Caption-style text data
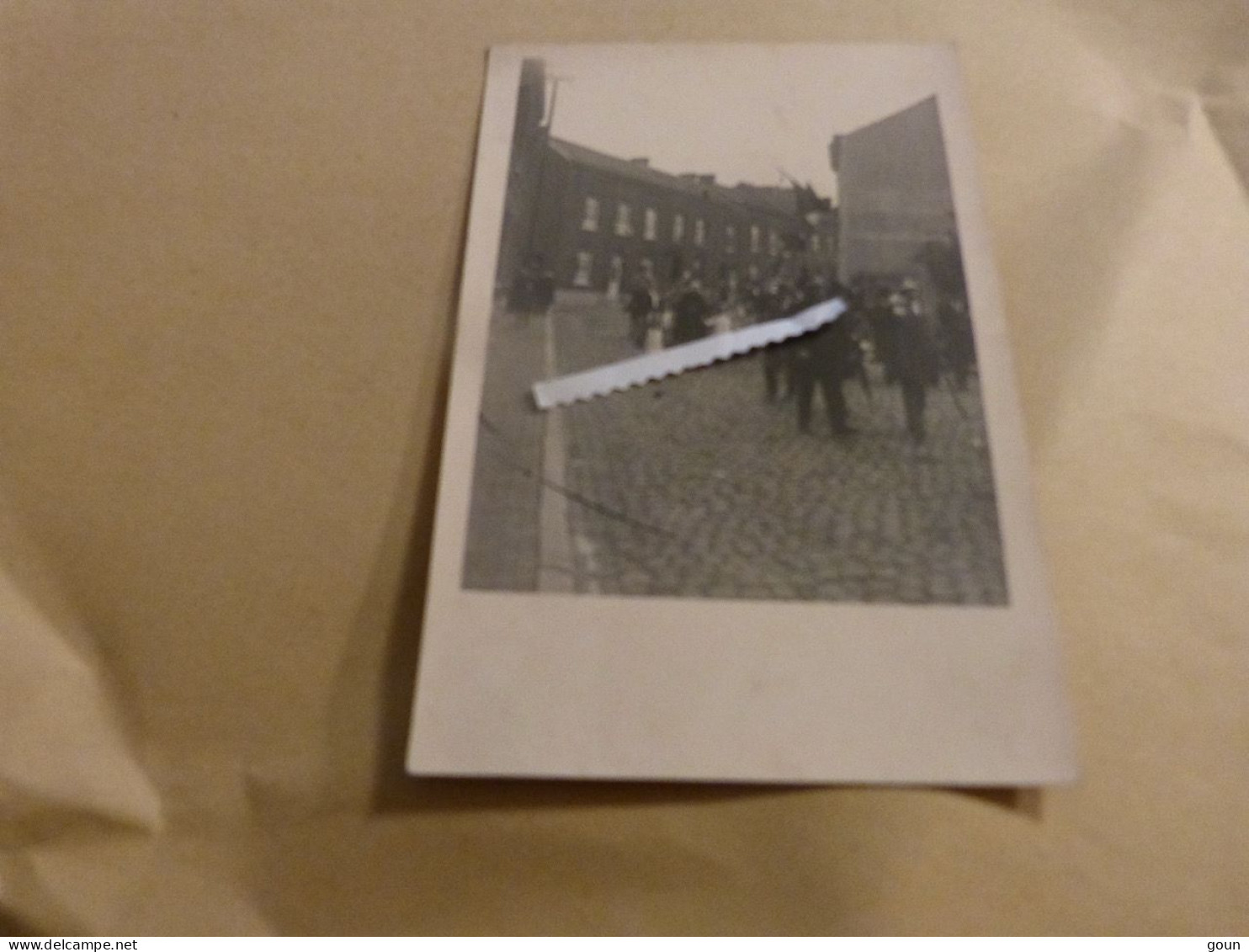 BC14-48  Carte Photo Chatelet Bouffioulx - Défilé Procession Rue Solvay - Châtelet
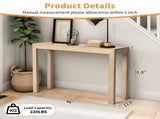 46 inch Pinewood Table, Console Table Entrance Table, Narrow Sofa Table for Living Room 65036131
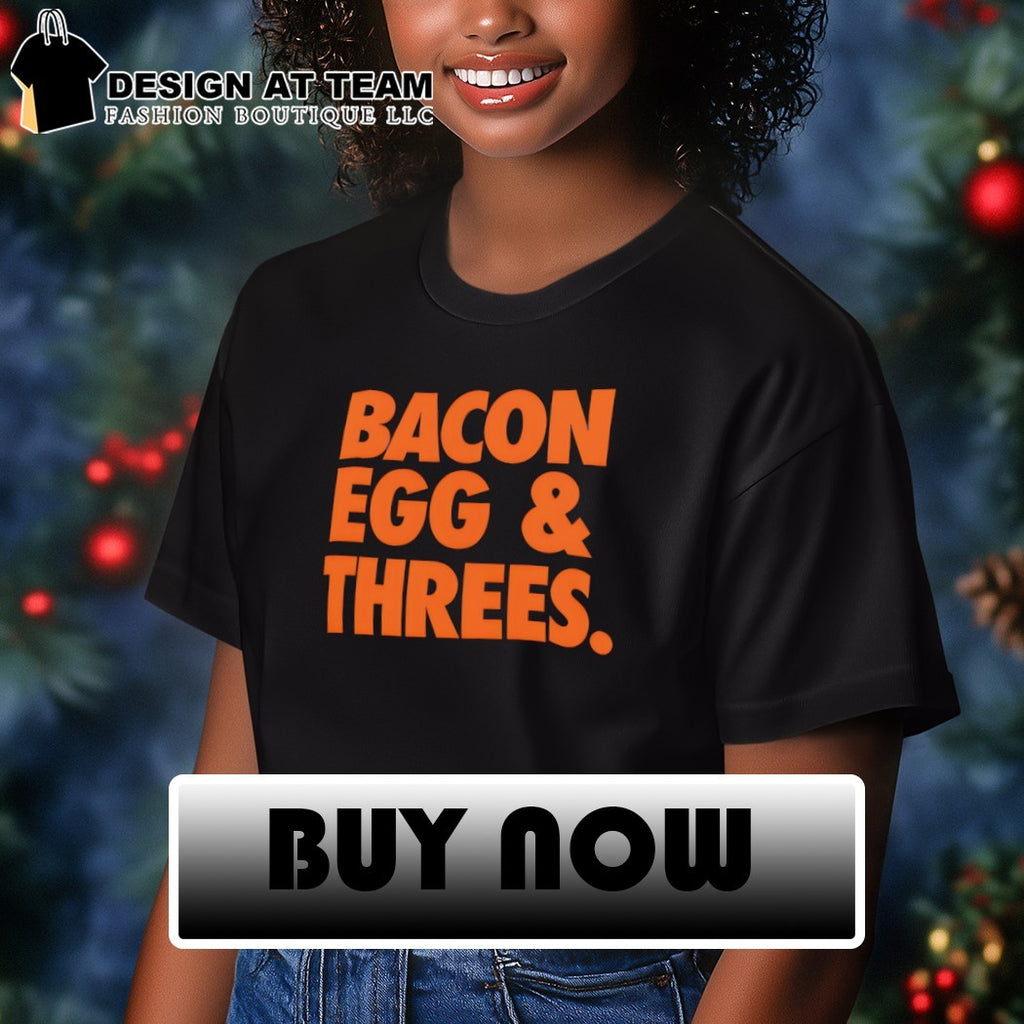 Jalen Brunson Knicks bacon egg threes shirt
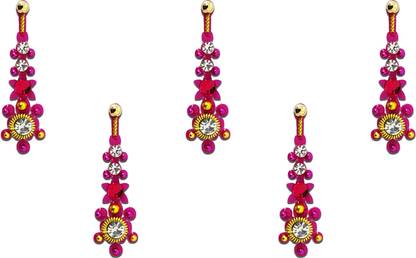 Comet Busters Designer Long Pink Bindi (BV037) Forehead Pink Bindis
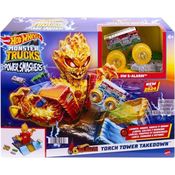 Hot Wheels Pista Monster TRUCK Arena Demoliçao APAGA Incendio Mattel HTP39
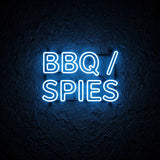 BBQ Spies · LED Neon — Blau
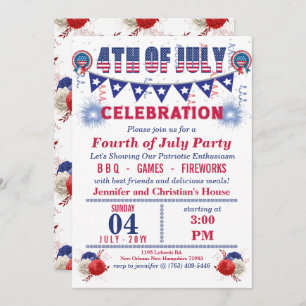 Blue Pennant String Flags 4. Juli Party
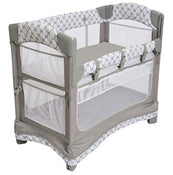 used Arm's Reach Mini Ezee 3-in-1 Co-Sleeper, /Grey & white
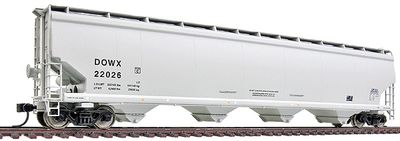 Used HO Walthers 932-7163 National 6200 Plastic Pellet Hopper Road #DOWX 22026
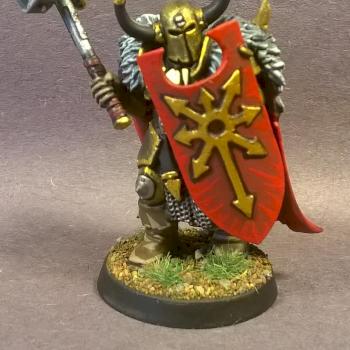 chaos warrior with sheild 1 by mikecarrero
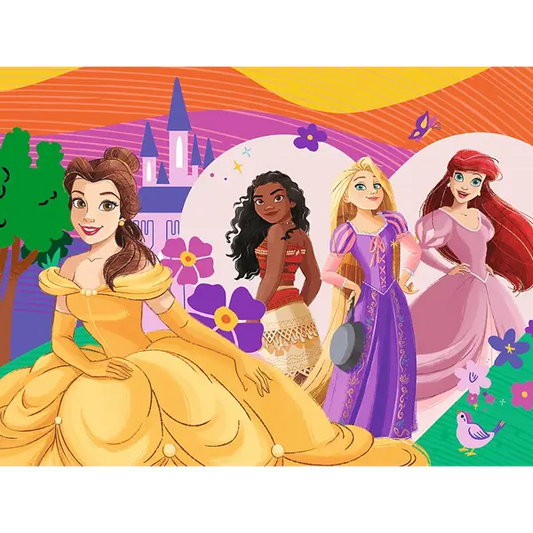Puzzle Premium Plus Kids, Disney 30 el. Księżniczki i przyjaźń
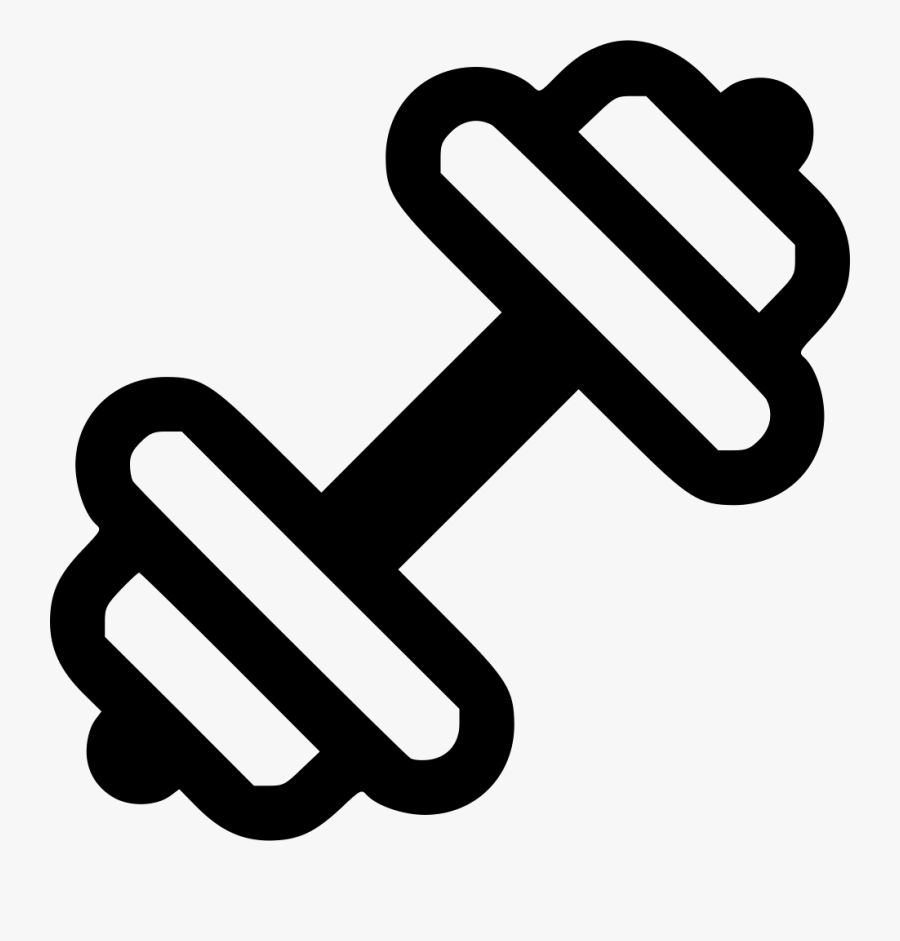 Transparent Barbell Clipart Png - Dumbbell Icon Free Png, Transparent Clipart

> [Directions for this task] The reply should hold only the lines from the first line of the records above through the line containing "Jalen Brunson Knicks bacon egg threes shirt", copied exactly and without pictures.

> [Reply]
 BC14-48  Carte Photo Chatelet Bouffioulx - Défilé Procession Rue Solvay - Châtelet
 46 inch Pinewood Table, Console Table Entrance Table, Narrow Sofa Table for Living Room 65036131
 Jalen Brunson Knicks bacon egg threes shirt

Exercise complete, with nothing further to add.